L'analyse de ce budget ne fait apparaître ni inflexion ni modification.
En ce qui concerne le programme 205, la première action relative à la sécurité et à la sûreté maritimes renvoie à une préoccupation largement évoquée par les directeurs de port : alors que nous connaissons une situation délicate en termes de compétitivité, le surcroît de précaution et de réglementation que s'assigne la France finit par grever notre compétitivité. L'ambition d'exemplarité est une bonne chose, mais son décalage avec la moyenne des ports européens les favorise à notre détriment. Je rappelle qu'Anvers attire la moitié du trafic de conteneurs destiné à la France. Il y a donc des parts de marché à conquérir.
L'action n° 02 relative aux gens de mer, reçoit une dotation quasi-équivalente à celle de l'année dernière. Je suivrai attentivement les choix ministériels sur la formation. La France compte 300 000 emplois dans les filières maritimes : conforter et renforcer cette position requiert des investissements forts dans le domaine de l'enseignement. Ce budget ne contient pas de ligne directrice sur ce point. Or développer le secteur nécessitera de prendre des décisions. J'ai appris la création, à Marseille, d'un cursus sur la sûreté maritime, en partenariat avec Euromed. Je salue l'initiative qui comble une lacune, car aucun programme ne permettait jusqu'à présent de former en France les « aiguilleurs de la mer ». Mais c'est une initiative locale. Je crois que l'État doit instiller une cohérence nationale entre les différents sites de l'enseignement supérieur maritime et leurs activités.
La flotte de commerce, qui bénéficie de l'action n° 03, porte également un enjeu stratégique de compétitivité. Il faut soutenir le pavillon français. À cet égard, tous auront noté la récente implication du fonds stratégique d'investissement dans la restructuration de l'armateur CMA-CGM basé à Marseille. Il reste beaucoup à faire et beaucoup d'orientations à prendre ; j'espère que le ministre pourra nous en dire plus dans les mois qui viennent.

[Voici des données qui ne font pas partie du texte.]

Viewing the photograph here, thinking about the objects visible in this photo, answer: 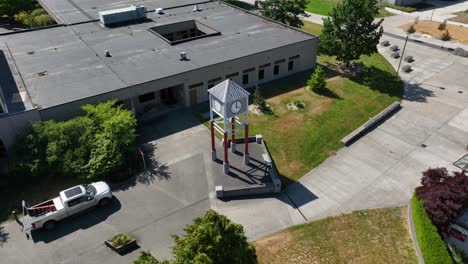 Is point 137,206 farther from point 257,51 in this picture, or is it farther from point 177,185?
point 257,51

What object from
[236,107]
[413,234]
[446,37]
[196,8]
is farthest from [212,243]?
[446,37]

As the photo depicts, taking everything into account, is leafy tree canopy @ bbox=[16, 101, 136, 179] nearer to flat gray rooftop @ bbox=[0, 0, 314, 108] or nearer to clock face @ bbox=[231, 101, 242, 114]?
flat gray rooftop @ bbox=[0, 0, 314, 108]

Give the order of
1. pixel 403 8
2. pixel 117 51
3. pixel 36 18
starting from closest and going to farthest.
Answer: pixel 117 51, pixel 36 18, pixel 403 8

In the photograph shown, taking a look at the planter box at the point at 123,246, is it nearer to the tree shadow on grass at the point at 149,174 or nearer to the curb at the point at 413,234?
the tree shadow on grass at the point at 149,174

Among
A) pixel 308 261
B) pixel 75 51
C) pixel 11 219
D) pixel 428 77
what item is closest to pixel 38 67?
pixel 75 51

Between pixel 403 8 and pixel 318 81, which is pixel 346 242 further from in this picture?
pixel 403 8

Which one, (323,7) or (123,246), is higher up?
(323,7)

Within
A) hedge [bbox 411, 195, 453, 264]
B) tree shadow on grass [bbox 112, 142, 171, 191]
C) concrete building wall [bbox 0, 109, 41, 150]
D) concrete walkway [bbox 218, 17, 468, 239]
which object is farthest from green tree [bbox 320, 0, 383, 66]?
concrete building wall [bbox 0, 109, 41, 150] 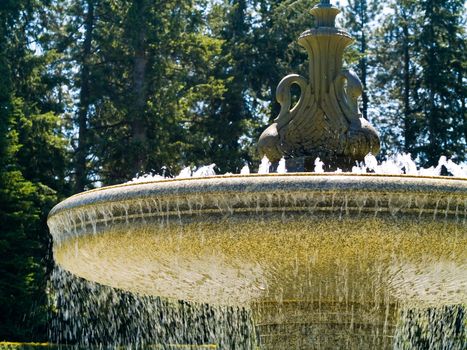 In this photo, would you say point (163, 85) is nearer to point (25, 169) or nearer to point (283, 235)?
point (25, 169)

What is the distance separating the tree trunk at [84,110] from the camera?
2792 centimetres

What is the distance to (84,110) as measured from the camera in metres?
29.3

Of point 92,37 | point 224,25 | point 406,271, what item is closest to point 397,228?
point 406,271

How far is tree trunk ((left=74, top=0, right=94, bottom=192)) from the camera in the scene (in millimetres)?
27916

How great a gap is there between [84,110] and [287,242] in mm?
22737

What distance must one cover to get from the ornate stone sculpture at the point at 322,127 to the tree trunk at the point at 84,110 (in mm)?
18278

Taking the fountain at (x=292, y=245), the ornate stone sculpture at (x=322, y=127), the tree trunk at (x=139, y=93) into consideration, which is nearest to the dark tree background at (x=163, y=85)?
the tree trunk at (x=139, y=93)

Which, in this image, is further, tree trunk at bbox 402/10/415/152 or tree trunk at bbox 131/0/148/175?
tree trunk at bbox 402/10/415/152

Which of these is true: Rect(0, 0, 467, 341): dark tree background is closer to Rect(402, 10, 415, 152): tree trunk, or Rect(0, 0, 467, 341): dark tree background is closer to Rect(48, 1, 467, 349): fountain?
Rect(402, 10, 415, 152): tree trunk

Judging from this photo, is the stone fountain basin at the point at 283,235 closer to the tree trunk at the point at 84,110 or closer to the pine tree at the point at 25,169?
the pine tree at the point at 25,169

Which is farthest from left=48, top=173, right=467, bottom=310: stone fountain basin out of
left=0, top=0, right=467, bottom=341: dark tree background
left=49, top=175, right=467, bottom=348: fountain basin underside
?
left=0, top=0, right=467, bottom=341: dark tree background

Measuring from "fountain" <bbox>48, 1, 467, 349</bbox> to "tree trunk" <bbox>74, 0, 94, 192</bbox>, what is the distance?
62.1ft

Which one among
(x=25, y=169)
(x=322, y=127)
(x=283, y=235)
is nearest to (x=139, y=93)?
(x=25, y=169)

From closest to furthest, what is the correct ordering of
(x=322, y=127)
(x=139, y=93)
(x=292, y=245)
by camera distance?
(x=292, y=245) → (x=322, y=127) → (x=139, y=93) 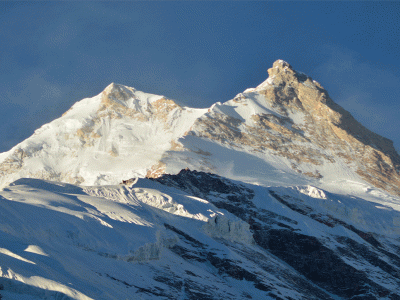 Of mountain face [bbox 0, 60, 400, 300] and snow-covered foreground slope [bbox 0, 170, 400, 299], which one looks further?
mountain face [bbox 0, 60, 400, 300]

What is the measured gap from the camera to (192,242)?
10244cm

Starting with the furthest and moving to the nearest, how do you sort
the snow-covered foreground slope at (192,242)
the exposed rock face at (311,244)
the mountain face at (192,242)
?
the exposed rock face at (311,244) → the mountain face at (192,242) → the snow-covered foreground slope at (192,242)

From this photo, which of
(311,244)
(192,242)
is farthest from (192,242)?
(311,244)

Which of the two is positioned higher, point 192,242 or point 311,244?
point 311,244

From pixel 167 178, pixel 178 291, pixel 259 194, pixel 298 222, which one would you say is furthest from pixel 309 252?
pixel 178 291

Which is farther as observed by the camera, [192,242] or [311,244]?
[311,244]

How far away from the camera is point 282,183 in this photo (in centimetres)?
18725

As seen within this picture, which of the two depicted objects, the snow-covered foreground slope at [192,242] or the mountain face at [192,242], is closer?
the snow-covered foreground slope at [192,242]

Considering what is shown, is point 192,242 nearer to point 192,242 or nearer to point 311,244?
point 192,242

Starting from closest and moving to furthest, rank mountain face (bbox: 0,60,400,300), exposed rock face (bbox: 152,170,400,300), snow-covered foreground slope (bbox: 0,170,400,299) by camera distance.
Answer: snow-covered foreground slope (bbox: 0,170,400,299) < mountain face (bbox: 0,60,400,300) < exposed rock face (bbox: 152,170,400,300)

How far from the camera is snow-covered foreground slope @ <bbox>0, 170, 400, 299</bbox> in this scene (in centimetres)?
6462

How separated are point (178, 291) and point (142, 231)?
17.8 metres

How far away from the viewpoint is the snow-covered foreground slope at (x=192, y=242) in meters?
64.6

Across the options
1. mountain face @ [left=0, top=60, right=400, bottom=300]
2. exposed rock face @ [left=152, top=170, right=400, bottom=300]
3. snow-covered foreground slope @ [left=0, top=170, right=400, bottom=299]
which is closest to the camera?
snow-covered foreground slope @ [left=0, top=170, right=400, bottom=299] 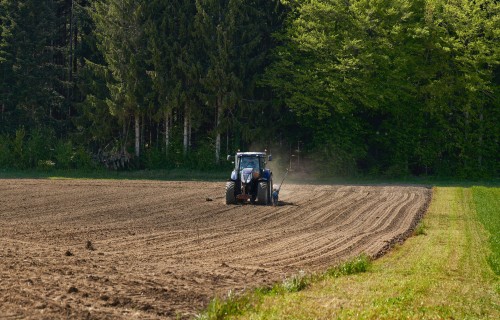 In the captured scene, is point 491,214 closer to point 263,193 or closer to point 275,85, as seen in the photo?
point 263,193

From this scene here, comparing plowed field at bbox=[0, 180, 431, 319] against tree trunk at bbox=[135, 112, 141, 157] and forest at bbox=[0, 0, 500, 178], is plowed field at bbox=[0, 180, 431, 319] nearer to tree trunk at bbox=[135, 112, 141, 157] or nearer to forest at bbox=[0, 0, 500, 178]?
forest at bbox=[0, 0, 500, 178]

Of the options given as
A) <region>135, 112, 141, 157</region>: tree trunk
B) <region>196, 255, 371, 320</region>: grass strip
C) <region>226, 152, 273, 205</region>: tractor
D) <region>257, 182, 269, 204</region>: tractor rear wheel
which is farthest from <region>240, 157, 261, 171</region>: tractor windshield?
<region>135, 112, 141, 157</region>: tree trunk

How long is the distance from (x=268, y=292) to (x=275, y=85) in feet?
127

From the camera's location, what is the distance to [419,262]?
51.2ft

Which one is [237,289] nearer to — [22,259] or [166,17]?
[22,259]

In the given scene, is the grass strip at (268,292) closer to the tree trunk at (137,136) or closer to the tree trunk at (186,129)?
the tree trunk at (186,129)

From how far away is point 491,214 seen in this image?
87.4ft

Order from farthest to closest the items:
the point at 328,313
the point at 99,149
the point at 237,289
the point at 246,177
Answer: the point at 99,149 → the point at 246,177 → the point at 237,289 → the point at 328,313

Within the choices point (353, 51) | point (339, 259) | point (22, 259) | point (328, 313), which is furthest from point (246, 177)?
point (353, 51)

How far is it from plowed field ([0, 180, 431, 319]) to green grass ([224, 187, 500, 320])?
973 mm

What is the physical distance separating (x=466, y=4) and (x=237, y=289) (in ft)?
136

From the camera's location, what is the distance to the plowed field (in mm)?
11047

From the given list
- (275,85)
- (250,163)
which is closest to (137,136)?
(275,85)

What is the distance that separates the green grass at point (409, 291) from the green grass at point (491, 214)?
8.0 inches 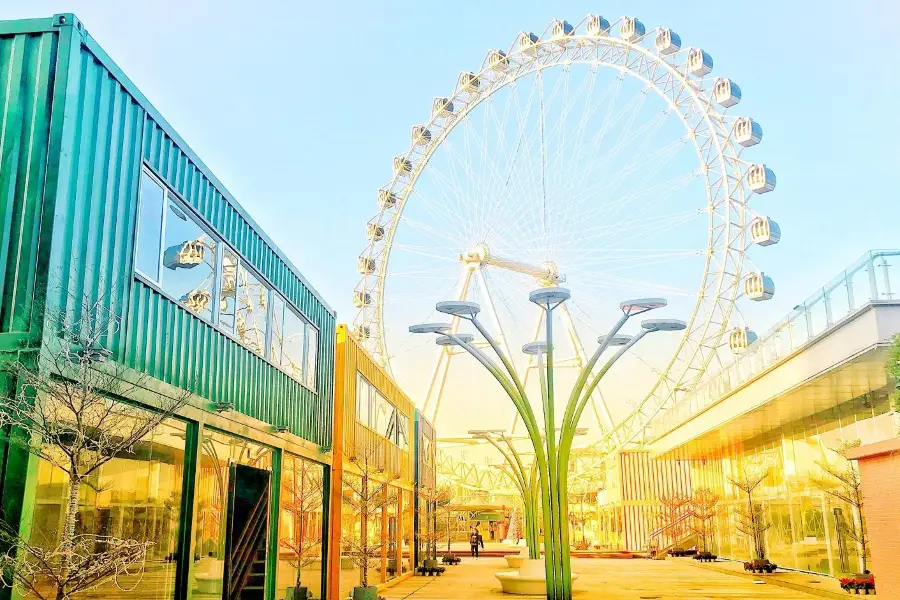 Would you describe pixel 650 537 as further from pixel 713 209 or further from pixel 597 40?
pixel 597 40

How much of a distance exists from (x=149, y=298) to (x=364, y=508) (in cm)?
906

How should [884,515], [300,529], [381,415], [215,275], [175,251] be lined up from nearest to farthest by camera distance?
1. [884,515]
2. [175,251]
3. [215,275]
4. [300,529]
5. [381,415]

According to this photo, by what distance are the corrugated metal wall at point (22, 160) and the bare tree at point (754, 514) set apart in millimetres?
21422

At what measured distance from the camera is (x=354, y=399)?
58.1 feet

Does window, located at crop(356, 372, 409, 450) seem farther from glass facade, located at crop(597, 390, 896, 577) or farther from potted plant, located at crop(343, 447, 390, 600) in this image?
glass facade, located at crop(597, 390, 896, 577)

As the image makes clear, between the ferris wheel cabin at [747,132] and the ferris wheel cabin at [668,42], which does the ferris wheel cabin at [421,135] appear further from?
the ferris wheel cabin at [747,132]

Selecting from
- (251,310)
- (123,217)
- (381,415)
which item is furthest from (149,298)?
(381,415)

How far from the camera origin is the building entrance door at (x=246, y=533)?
10852 millimetres

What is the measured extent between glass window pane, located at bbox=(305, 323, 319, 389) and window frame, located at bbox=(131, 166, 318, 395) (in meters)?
0.03

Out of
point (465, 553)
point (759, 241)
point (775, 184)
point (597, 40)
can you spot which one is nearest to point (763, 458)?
point (759, 241)

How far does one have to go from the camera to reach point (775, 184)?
85.8ft

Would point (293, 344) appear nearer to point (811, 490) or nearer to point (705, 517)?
point (811, 490)

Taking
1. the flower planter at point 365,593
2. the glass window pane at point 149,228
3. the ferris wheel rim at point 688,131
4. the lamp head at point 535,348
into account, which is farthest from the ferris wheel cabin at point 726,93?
the glass window pane at point 149,228

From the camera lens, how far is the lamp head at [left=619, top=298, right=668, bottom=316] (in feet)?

Les actions nos 04 et 05 sur l'action interministérielle de la mer et sur le soutien au programme représentent des sommes de faible ampleur, de sorte que les pourcentages d'évolution ne sont guère significatifs. Nous sommes dans la continuité.
En ce qui concerne le programme 203, la part réservée au maritime se limite à 58 millions d'euros. Les treize ports qui relèvent de l'État se partagent cette dotation, qui demeure stable depuis 2010. Je suis tout de même frappé de constater que les projets stratégiques français sont dressés pour cinq ans, quand les autorités de Rotterdam s'engagent sur un horizon de trente ans. Une vision européenne – voire plus – sur le rapport de nos ports au commerce international et à la mondialisation ne peut se limiter à cinq ans : c'est un enjeu bien plus fort, qui exige une approche bien plus large. Est-ce que nos ports ont une vocation régionale, nationale, spécialisée ? Nous avons la chance de disposer d'infrastructures en Méditerranée, où le potentiel lié à la croissance asiatique est évident, et sur l'Atlantique, où Le Havre et Dunkerque souffrent de la concurrence d'Anvers et Rotterdam. Il faut construire une vision globale, et le rôle de l'Assemblée nationale est d'interpeller le Gouvernement en ce sens.
Ce budget s'inscrit dans la continuité du passé récent. La réforme portuaire de 2008 a été digérée ; il est temps de former un nouveau projet pour notre compétitivité maritime. Pour ma part, si je déplore l'absence de signes forts dans ce projet de loi de finances, je ne reprocherai pas à l'exécutif de prendre un peu de temps pour arrêter des décisions si lourdes. Je m'abstiendrai donc.